— REQUIREMENT —
Using the records below, give again exactly the lines from the line that contains "Изготовление ограждения на" through the line that contains "Nilight in Channel", both ends included, and only those.

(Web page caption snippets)

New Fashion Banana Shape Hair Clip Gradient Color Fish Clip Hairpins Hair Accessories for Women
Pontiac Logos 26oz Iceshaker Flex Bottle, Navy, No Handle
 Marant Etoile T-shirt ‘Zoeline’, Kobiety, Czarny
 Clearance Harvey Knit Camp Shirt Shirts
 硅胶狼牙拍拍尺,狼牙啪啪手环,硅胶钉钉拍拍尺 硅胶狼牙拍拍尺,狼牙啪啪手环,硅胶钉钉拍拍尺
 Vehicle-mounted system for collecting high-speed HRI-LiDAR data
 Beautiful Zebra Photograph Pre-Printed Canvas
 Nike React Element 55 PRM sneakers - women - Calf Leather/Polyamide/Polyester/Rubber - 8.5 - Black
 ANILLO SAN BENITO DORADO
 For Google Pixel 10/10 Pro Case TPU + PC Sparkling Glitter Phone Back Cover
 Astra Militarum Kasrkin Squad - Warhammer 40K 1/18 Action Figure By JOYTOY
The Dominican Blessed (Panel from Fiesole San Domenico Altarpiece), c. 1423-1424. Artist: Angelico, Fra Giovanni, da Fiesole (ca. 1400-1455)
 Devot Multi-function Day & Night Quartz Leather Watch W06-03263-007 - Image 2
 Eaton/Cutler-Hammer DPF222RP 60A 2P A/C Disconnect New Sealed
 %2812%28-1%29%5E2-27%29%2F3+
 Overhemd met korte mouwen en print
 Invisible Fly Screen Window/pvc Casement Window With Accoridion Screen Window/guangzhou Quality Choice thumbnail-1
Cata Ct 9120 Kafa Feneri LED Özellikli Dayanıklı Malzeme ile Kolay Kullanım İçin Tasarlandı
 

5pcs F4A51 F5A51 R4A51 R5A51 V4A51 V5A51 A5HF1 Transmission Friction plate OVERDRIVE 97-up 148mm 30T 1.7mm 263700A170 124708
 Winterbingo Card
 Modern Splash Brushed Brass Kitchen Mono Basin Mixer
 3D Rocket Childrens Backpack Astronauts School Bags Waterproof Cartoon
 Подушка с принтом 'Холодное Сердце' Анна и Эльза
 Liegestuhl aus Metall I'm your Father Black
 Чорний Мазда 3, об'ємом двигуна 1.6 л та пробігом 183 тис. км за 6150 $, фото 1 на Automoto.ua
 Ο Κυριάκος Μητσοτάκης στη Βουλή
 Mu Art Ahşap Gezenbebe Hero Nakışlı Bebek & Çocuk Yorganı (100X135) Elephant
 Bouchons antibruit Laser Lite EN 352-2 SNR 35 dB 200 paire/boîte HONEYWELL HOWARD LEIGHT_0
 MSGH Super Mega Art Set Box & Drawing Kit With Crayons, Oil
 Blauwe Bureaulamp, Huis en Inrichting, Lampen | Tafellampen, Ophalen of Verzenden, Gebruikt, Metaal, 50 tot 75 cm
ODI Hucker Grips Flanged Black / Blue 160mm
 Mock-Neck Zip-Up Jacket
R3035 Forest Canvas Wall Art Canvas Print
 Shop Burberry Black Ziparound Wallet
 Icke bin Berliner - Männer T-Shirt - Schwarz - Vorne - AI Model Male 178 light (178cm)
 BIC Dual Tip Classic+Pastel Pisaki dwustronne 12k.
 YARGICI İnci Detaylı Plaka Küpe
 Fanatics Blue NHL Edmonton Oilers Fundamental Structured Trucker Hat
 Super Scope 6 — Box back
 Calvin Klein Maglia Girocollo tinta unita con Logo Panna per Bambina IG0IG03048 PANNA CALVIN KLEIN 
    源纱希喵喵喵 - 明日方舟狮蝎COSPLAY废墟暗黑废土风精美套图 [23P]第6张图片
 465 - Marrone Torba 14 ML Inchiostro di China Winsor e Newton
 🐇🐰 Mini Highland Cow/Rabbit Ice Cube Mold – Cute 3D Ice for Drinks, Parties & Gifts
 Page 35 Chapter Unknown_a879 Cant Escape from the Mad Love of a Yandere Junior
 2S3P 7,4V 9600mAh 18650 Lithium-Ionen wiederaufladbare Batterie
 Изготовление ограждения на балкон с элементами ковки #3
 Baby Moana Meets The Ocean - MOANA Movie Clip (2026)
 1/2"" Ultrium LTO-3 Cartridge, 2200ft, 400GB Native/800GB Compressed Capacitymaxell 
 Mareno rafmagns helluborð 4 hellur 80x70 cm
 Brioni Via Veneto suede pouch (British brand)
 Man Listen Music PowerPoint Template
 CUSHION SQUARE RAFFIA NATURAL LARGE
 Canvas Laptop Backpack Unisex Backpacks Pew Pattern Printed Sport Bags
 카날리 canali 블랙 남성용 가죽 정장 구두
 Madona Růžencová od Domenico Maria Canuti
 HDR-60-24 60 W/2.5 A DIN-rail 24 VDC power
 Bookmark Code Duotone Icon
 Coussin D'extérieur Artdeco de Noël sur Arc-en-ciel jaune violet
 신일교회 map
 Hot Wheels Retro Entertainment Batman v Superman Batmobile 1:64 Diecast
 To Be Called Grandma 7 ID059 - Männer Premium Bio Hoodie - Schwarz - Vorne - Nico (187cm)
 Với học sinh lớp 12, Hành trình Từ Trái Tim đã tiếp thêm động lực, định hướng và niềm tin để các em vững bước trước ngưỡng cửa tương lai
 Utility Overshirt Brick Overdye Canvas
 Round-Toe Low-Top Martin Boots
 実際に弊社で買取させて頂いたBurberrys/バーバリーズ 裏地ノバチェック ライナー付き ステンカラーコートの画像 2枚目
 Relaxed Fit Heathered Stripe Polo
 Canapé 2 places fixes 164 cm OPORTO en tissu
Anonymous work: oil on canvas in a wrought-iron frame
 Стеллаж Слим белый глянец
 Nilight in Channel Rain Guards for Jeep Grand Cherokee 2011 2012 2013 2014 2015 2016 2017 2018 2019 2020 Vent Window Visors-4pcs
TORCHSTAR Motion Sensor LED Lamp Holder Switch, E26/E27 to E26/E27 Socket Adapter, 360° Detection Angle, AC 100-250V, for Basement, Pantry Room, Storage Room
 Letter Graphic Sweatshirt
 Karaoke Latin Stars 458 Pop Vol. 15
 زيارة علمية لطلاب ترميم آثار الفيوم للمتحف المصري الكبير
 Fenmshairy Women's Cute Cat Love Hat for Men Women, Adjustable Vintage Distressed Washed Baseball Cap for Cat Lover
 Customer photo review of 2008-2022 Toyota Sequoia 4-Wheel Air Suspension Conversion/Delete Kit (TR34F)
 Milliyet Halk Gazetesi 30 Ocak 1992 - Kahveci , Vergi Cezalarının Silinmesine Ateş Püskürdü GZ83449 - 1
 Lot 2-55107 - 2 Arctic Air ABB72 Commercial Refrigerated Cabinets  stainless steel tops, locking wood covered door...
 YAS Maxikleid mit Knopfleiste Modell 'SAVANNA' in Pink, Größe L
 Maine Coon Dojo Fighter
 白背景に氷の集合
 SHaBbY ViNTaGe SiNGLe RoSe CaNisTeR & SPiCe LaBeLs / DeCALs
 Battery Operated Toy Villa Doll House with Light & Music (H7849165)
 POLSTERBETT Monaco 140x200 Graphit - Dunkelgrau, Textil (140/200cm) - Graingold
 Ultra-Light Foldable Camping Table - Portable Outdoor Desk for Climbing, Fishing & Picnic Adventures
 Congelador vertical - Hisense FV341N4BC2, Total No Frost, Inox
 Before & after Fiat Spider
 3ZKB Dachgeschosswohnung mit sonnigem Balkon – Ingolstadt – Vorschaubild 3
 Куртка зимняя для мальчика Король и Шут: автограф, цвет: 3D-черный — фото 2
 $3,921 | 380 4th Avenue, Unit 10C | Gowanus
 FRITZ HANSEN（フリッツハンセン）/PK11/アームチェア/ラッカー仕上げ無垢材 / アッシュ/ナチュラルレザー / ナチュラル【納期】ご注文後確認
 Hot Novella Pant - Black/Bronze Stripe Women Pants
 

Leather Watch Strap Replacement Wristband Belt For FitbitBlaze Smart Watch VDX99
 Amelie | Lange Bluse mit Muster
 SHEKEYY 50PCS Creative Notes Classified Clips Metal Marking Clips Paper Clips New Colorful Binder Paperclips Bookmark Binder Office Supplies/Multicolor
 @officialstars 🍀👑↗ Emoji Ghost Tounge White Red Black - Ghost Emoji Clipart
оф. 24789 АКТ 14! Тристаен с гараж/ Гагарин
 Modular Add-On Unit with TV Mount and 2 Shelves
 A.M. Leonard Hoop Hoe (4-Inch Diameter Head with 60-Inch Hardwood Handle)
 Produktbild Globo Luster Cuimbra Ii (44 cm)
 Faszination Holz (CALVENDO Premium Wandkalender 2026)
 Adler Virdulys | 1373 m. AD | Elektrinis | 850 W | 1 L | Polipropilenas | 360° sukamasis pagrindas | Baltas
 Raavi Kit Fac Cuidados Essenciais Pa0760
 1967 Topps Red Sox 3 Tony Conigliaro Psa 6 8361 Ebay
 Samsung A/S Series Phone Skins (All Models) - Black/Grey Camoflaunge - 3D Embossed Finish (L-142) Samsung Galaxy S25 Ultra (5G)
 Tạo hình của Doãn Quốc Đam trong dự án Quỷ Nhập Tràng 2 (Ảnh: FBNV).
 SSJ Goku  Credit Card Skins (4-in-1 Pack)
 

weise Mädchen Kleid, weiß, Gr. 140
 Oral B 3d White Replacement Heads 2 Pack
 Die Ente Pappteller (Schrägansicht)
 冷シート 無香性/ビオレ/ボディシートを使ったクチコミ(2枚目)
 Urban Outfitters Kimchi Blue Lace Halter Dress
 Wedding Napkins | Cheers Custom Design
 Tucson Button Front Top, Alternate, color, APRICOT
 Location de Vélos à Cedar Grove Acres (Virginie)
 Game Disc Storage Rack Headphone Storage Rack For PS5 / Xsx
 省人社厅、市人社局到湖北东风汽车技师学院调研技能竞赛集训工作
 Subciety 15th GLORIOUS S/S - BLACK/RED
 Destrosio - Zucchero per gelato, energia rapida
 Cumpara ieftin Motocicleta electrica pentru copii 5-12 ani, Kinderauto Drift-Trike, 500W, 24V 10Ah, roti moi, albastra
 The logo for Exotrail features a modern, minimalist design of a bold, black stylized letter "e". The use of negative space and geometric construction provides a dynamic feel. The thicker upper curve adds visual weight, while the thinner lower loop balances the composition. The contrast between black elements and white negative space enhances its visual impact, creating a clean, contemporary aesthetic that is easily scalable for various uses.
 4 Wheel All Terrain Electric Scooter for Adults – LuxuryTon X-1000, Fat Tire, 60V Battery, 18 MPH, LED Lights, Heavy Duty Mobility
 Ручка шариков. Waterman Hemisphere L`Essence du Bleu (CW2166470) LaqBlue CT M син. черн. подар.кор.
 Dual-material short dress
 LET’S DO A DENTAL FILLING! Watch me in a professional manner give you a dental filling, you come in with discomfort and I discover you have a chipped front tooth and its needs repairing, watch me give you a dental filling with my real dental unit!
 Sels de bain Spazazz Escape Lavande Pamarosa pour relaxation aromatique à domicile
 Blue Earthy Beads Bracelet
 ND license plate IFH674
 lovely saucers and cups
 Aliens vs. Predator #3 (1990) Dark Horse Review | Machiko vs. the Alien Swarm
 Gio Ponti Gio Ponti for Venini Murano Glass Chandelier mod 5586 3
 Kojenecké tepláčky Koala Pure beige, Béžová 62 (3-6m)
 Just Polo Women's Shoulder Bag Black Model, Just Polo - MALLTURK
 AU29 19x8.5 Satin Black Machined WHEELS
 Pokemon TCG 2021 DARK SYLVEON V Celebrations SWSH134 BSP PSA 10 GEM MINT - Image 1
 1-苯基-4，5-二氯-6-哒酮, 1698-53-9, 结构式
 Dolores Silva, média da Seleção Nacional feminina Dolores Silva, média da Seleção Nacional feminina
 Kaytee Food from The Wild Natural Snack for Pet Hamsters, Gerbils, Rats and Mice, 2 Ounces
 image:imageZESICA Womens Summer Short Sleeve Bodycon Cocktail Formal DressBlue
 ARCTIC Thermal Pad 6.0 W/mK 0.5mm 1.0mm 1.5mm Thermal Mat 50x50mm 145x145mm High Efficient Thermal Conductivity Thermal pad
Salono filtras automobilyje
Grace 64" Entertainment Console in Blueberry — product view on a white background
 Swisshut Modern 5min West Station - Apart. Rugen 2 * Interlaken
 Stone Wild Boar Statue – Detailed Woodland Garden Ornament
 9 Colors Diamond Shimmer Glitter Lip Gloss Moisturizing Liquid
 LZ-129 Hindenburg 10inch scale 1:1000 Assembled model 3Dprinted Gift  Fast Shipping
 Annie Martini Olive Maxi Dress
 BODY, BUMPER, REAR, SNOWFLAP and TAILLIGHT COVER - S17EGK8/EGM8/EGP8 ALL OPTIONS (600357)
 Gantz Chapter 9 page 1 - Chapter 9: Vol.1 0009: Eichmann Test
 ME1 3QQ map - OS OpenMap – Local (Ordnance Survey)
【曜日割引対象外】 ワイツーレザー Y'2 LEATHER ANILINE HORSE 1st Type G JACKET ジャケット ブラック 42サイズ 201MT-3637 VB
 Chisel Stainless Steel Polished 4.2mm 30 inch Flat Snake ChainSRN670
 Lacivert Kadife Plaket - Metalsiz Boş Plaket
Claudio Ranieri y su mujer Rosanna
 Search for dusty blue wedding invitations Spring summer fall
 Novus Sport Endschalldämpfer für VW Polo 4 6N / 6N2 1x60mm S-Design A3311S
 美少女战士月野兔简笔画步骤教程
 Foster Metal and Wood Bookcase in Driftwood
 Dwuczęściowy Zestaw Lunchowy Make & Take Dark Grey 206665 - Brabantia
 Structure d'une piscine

— WRITTEN SOLUTION —
 Изготовление ограждения на балкон с элементами ковки #3
 Baby Moana Meets The Ocean - MOANA Movie Clip (2026)
 1/2"" Ultrium LTO-3 Cartridge, 2200ft, 400GB Native/800GB Compressed Capacitymaxell 
 Mareno rafmagns helluborð 4 hellur 80x70 cm
 Brioni Via Veneto suede pouch (British brand)
 Man Listen Music PowerPoint Template
 CUSHION SQUARE RAFFIA NATURAL LARGE
 Canvas Laptop Backpack Unisex Backpacks Pew Pattern Printed Sport Bags
 카날리 canali 블랙 남성용 가죽 정장 구두
 Madona Růžencová od Domenico Maria Canuti
 HDR-60-24 60 W/2.5 A DIN-rail 24 VDC power
 Bookmark Code Duotone Icon
 Coussin D'extérieur Artdeco de Noël sur Arc-en-ciel jaune violet
 신일교회 map
 Hot Wheels Retro Entertainment Batman v Superman Batmobile 1:64 Diecast
 To Be Called Grandma 7 ID059 - Männer Premium Bio Hoodie - Schwarz - Vorne - Nico (187cm)
 Với học sinh lớp 12, Hành trình Từ Trái Tim đã tiếp thêm động lực, định hướng và niềm tin để các em vững bước trước ngưỡng cửa tương lai
 Utility Overshirt Brick Overdye Canvas
 Round-Toe Low-Top Martin Boots
 実際に弊社で買取させて頂いたBurberrys/バーバリーズ 裏地ノバチェック ライナー付き ステンカラーコートの画像 2枚目
 Relaxed Fit Heathered Stripe Polo
 Canapé 2 places fixes 164 cm OPORTO en tissu
Anonymous work: oil on canvas in a wrought-iron frame
 Стеллаж Слим белый глянец
 Nilight in Channel Rain Guards for Jeep Grand Cherokee 2011 2012 2013 2014 2015 2016 2017 2018 2019 2020 Vent Window Visors-4pcs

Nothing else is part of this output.